• [REQUIRED ACTION]:
Find the line holding "Adam & Eve Water" in the entries below. Give it again exactly, along with every line after it up to and including the line holding "Hand-Painted Crochet Jacket".

== PROVIDED RECORDS ==

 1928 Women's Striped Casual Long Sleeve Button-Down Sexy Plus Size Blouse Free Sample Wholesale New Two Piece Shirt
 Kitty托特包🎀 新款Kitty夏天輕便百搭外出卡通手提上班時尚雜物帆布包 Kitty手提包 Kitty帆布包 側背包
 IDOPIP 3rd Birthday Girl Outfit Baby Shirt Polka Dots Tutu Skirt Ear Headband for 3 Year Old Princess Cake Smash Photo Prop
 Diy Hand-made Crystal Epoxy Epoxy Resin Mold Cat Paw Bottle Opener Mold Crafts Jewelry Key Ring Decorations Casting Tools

===
== PROVIDED RECORDS ==

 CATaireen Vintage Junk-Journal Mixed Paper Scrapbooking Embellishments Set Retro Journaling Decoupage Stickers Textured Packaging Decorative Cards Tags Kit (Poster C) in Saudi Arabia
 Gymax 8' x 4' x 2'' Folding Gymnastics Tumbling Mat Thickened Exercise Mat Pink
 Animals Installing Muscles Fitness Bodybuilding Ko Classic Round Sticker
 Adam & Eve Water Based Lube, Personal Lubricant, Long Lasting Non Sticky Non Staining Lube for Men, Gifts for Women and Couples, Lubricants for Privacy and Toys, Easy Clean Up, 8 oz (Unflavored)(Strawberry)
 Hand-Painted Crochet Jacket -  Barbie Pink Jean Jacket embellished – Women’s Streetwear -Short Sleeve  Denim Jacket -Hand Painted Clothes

===
== PROVIDED RECORDS ==

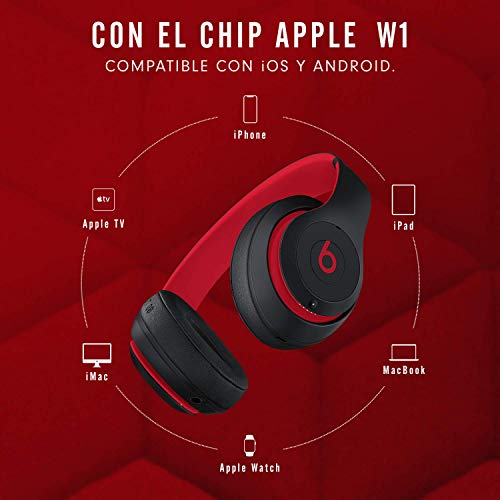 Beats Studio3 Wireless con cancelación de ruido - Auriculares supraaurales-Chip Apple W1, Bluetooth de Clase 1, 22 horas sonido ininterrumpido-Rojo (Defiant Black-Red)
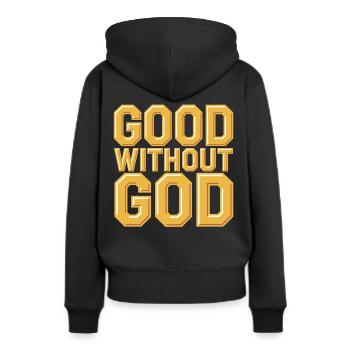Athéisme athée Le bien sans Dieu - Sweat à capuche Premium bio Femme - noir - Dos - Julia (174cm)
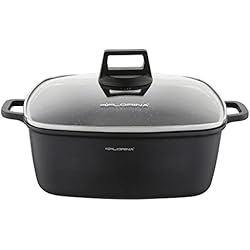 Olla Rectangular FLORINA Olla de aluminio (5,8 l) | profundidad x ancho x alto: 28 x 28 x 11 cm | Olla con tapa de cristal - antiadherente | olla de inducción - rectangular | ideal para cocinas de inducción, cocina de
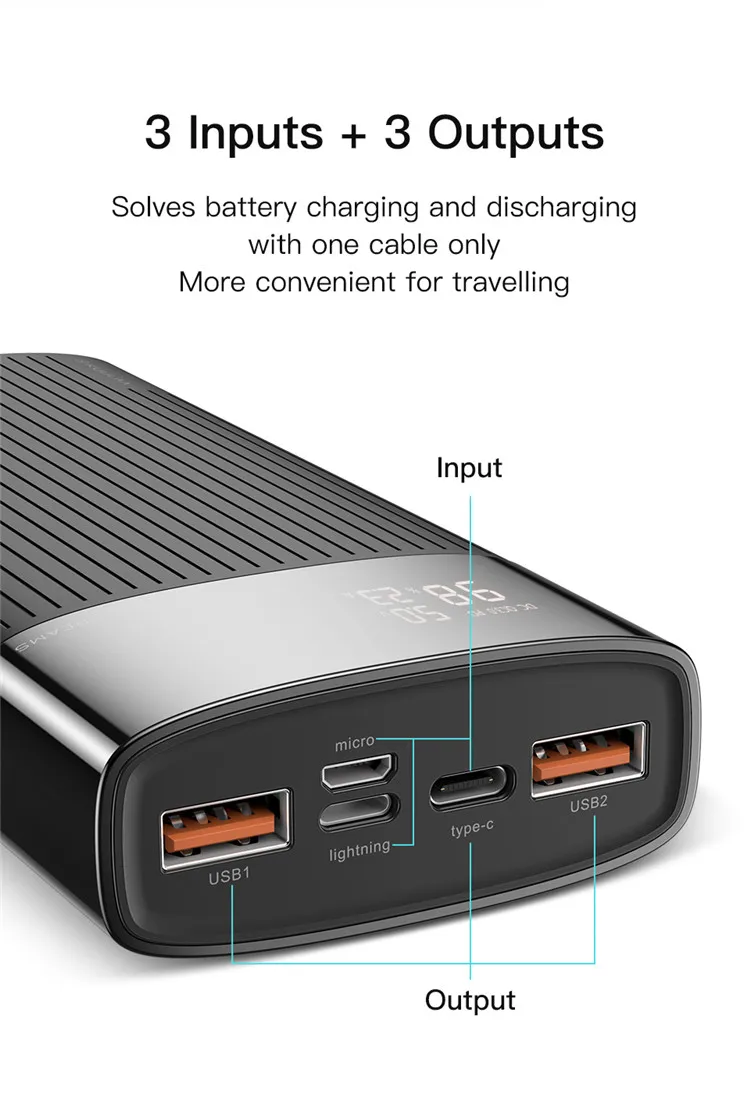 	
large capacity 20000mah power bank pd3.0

===

• [EXERCISE ANSWER]:
 Adam & Eve Water Based Lube, Personal Lubricant, Long Lasting Non Sticky Non Staining Lube for Men, Gifts for Women and Couples, Lubricants for Privacy and Toys, Easy Clean Up, 8 oz (Unflavored)(Strawberry)
 Hand-Painted Crochet Jacket -  Barbie Pink Jean Jacket embellished – Women’s Streetwear -Short Sleeve  Denim Jacket -Hand Painted Clothes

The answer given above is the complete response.